The rule was nearly triggered in Week 1 in when Tom Tupa went into a game for the New York Jets against the New England Patriots after starter Vinny Testaverde tore his Achilles tendon and was lost for the season during the first quarter. Head coach Bill Parcells made the decision before the game to have Tupa (who was primarily a punter but was drafted as a quarterback in 1988) as the backup quarterback and Rick Mirer as the emergency quarterback. Had Parcells put Mirer in before the fourth quarter, Tupa would not have been allowed to play for even his normal punting duties. Tupa went 6-of-10 for 165 yards and two touchdowns and kept the game close before the fourth quarter hit and Parcells was able to replace Tupa with Mirer at quarterback without penalty.

In the 2010 NFC Championship Game between the Green Bay Packers and Chicago Bears, the rule was triggered with 57 seconds left in the third quarter. The Bears' starting quarterback, Jay Cutler, suffered from an MCL sprain just after halftime. His replacement, Todd Collins, was pulled after throwing four poor passes including two near interceptions in what would be his final NFL game of his 16-year career. When Caleb Hanie, the Bears' designated third quarterback entered the game before the fourth quarter, it meant that the Bears could not return either Cutler or Collins to the field the rest of the game. Hanie played well and almost led the Bears back from a 14–0 deficit, but the Packers won the game, 21–14.

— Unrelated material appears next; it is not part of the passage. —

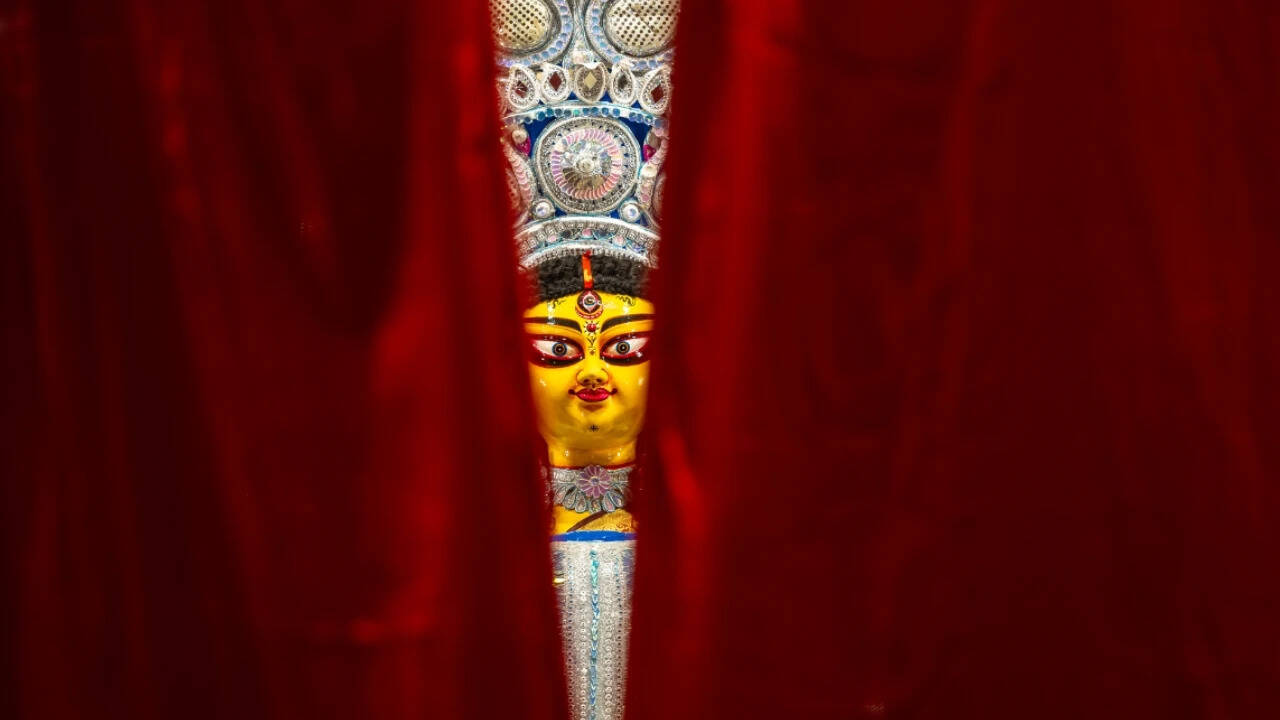 Navratri 2026 shubh muhurat and auspicious times of the day for each of the nine day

In the 2011 season, the active roster was increased to 46 players, and the ability to dress an extra quarterback was revoked. In 2020, the collective bargaining agreement added a similar rule for offensive linemen: teams can dress 48 players for game day provided they have at least eight linemen active; if they do not, they can only have 47 players dressed.

===Second rule===
A revised version of the rule was introduced in 2023. This came in the wake of the San Francisco 49ers sustaining injuries to both of their active quarterbacks Brock Purdy and Josh Johnson in the NFC Championship Game. If the rule existed before the game, practice squad quarterback Jacob Eason could have taken over. Since his injury was the catalyst for the new policy, it has been nicknamed the Brock Purdy Rule.

The policy emulated the one used by the revived United States Football League.